In Part 1 of our series, we introduced a number of concepts to you, including the concept of the Enterprise Service Bus (ESB), and how a reliable, standardized API like Java Message Service (JMS) can help provide Quality of Services to the communication between service consumers, service providers, and the bus. We also looked at how the WebSphere ESB product provides you with an implementation of ESB based on a new programming model, called Service Component Architecture (SCA). SCA describes the notion of export and import bindings, which we can use to interact with mediation flow components via JMS. All of the required artifacts can be built and deployed with the IBM WebSphere Integration Developer tool.
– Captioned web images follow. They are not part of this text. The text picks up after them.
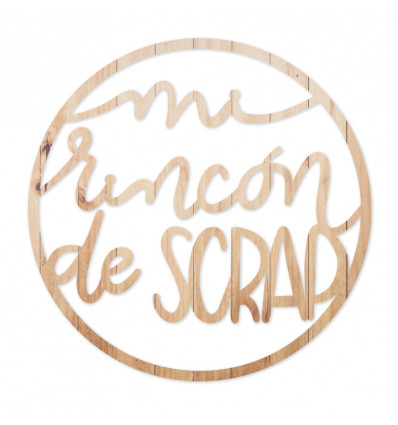 Letrero para colgar Mi Rincón de Scrap
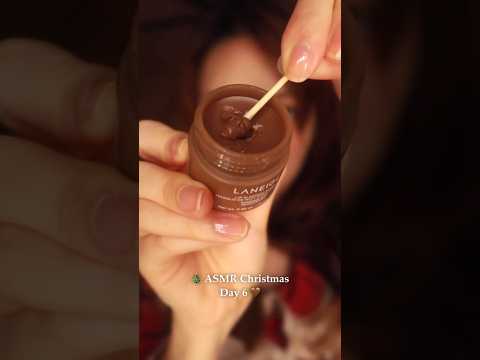 Sweet chocolate pamper 🍫🤎 #asmr #asmrchristmas #asmrskincare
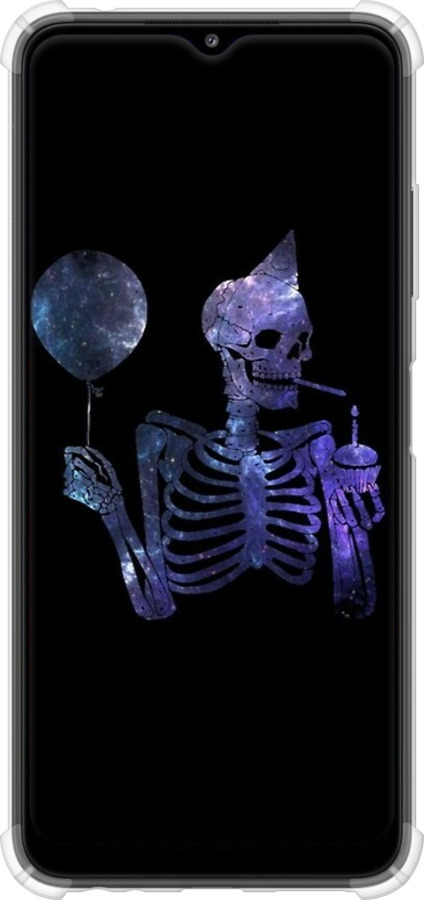 Силикон с усиленными углами чехол Скелетное искусство для Samsung Galaxy A22 5G A226B - 6536sp-2581 изображение 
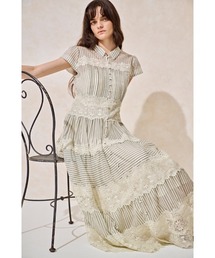 Estella.K | Tuscany Lace Dress シアーレースシャツドレス(ワンピース)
In Part 2, we will start applying these concepts and show you how to build a real application.


Use cases

In real SOA business applications -- especially those which have heterogeneous IT infrastructures involved, and which want to compose workflows among services presented by these IT infrastructures to form loosely coupled interactions -- messages flowing between service consumers and providers do not need to be handled synchronously. JMS is often used as the preferred protocol for synchronous and asynchronous service invocation because of its popularity as a standard for message-oriented middleware.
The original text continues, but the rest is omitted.